John Christie jc at or.psychology.dal.ca
Thu May 24 03:08:34 CEST 2007


Hmmm, been away and got this...  I appreciate the effort but there  
wasn't anything, in principle, in MASS on this I didn't already  
know.  My question is just more about the functioning of the lm  
command and deriving these values.  I understand that its the wrong  
approach for repeated measures design and lme is more appropriate.   
But, I wanted to examine / compare.  So, my question still stands.   
How does one get something like the subject x effect interaction term  
from lm?

Also, while I'm at it, anyone familiar with Blouin & Riopelle on  
confidence intervals and repeated measures deigns?  Is there a reason  
the intervals() command should give me different values for the  
narrow inference confidence intervals than they get from SAS?

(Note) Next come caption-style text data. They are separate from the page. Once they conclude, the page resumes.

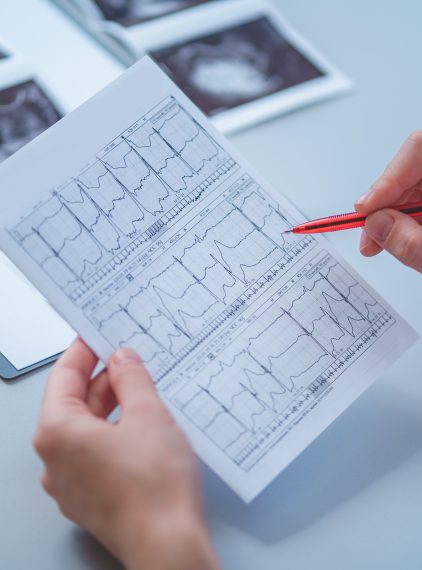Migotanie przedsionków – objawy, rozpoznanie i leczenie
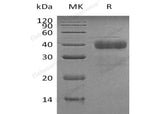 Recombinant Human Kallikrein 5/KLK5 Protein (His Tag)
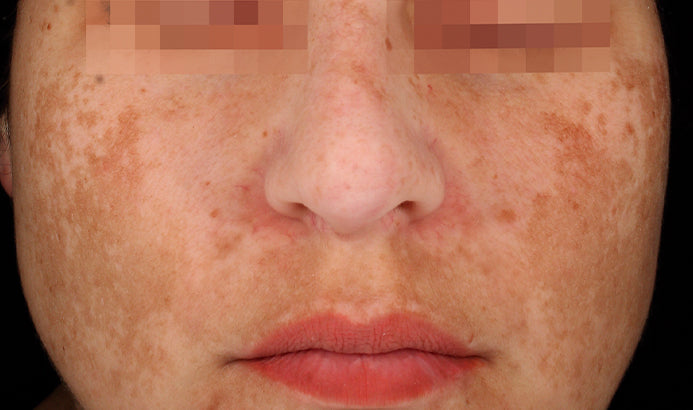 Before image showing facial pigmentation prior to Cosmelan treatment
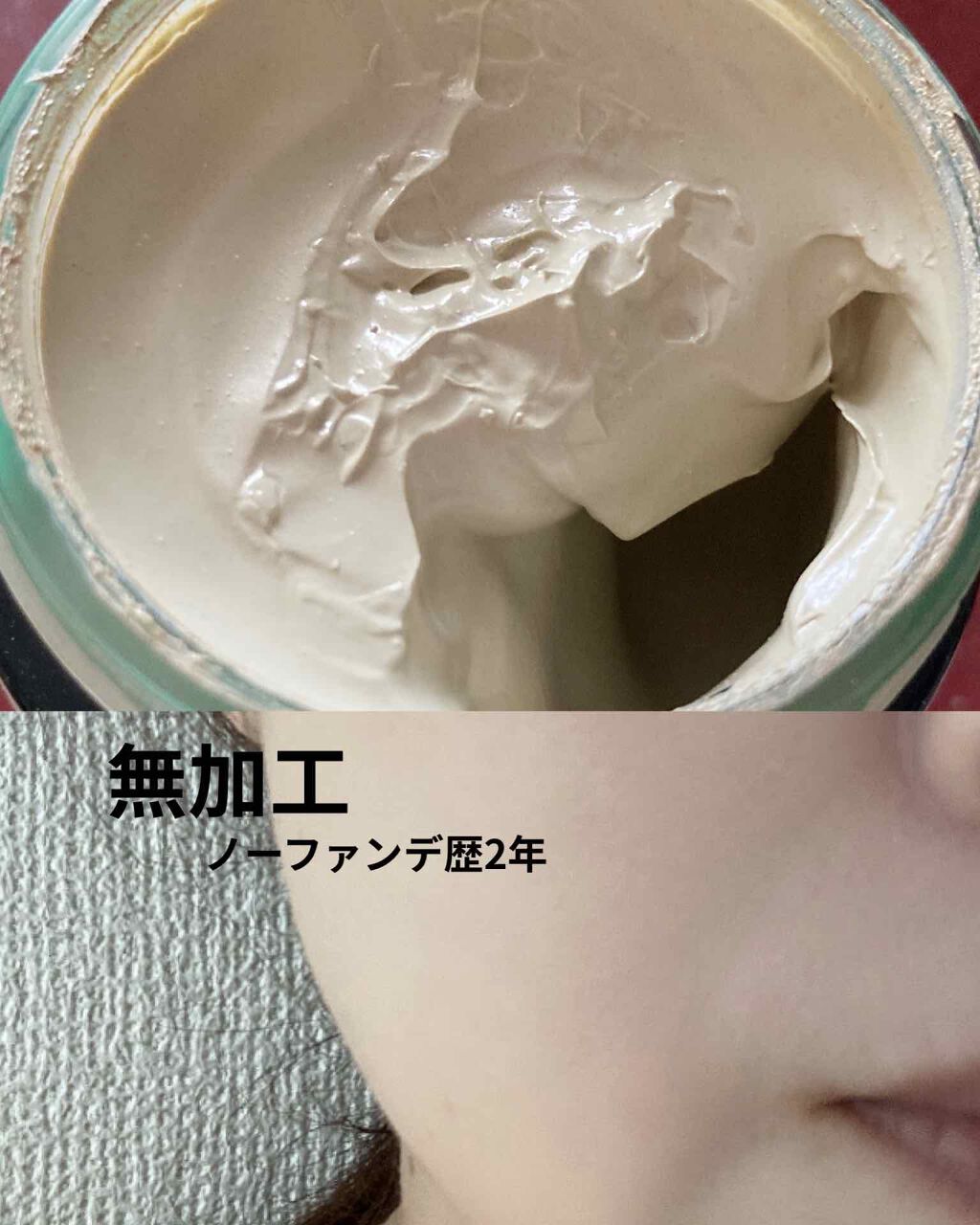 ドクタージャルト シカペア リカバー (第2世代）/Dr.Jart＋/フェイスクリームを使ったクチコミ（2枚目）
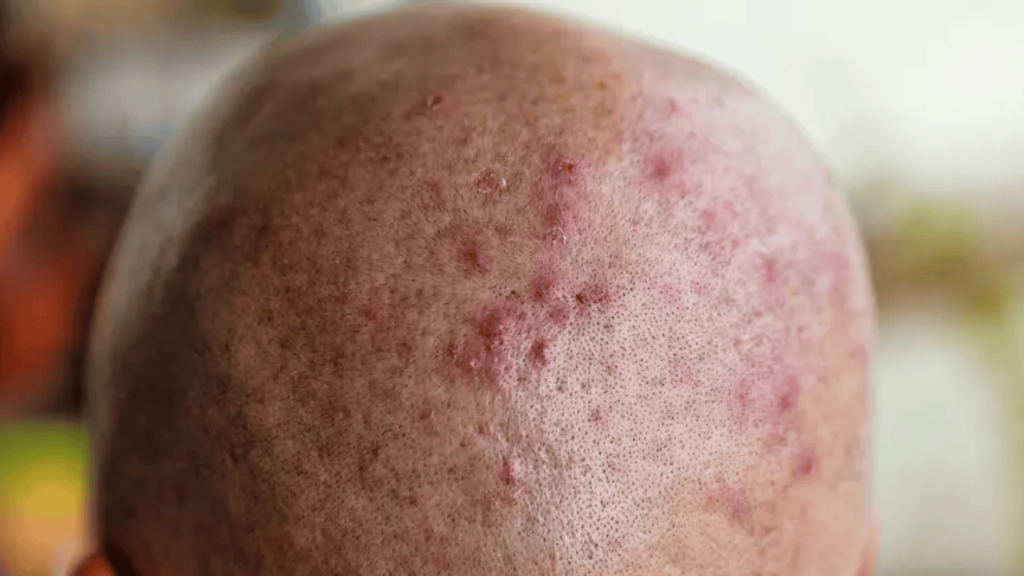Scalp Pimples and Scalp Acne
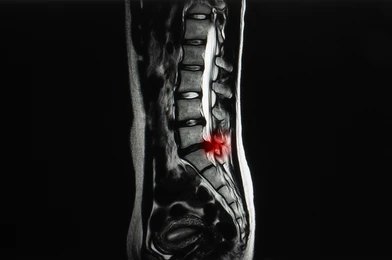 What is severe spinal stenosis?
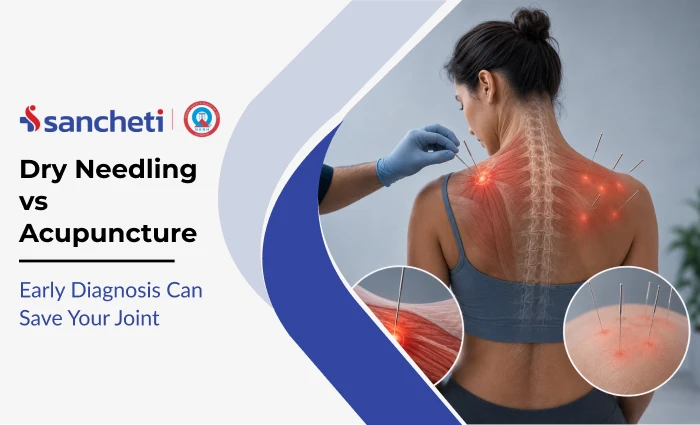 dry_needling_vs_acupuncture_1x
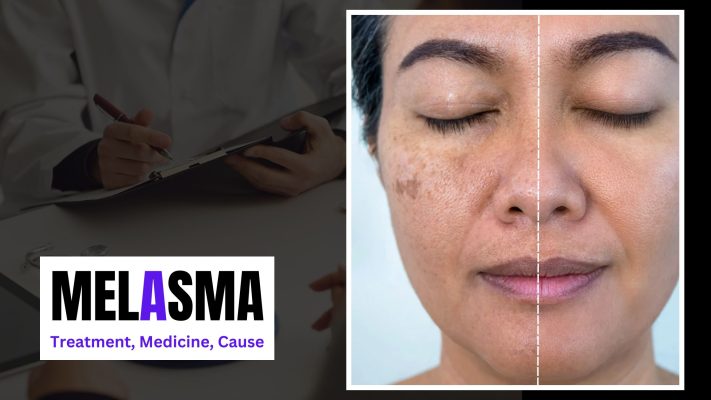 Melasma-Medicine-Treatment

On May 17, 2007, at 2:20 PM, Bert Gunter wrote:

> You need to gain some background. MIXED EFFECTS MODELS in S and S- 
> PLUS by
> Pinheiro and Bates is a canonical reference for how to do this with R.
> Chapter 10  of Venables and Ripley's MASS(4th ed.) contains a more  
> compact
> but very informative overview that may suffice. Other useful  
> references can
> also be found on CRAN.
>
>
> Bert Gunter
> Genentech Nonclinical Statistics
>
> -----Original Message-----
> From: r-help-bounces at stat.math.ethz.ch
> [mailto:r-help-bounces at stat.math.ethz.ch] On Behalf Of John Christie
> Sent: Thursday, May 17, 2007 10:06 AM
> To: R-help at stat.math.ethz.ch
> Subject: [R] repeated measures regression
>
>
> How does one go about doing a repeated measure regression? The
> documentation I have on it (Lorch & Myers 1990) says to use linear /
> (subj x linear) to get your F.  However, if I put subject into glm or
> lm I can't get back a straight error term because it assumes
> (rightly) that subject is a nominal predictor of some sort.
>
> In looking at LME it seems like it just does the right thing here if
> I enter the random effect the same as when looking for ANOVA like
> results out of it.  But, part of the reason I'm asking is that I
> wanted to compare the two methods.  I suppose I could get it out of
> aov but isn't that built on lm?  I guess what I'm asking is how to
> calculate the error terms easily with lm.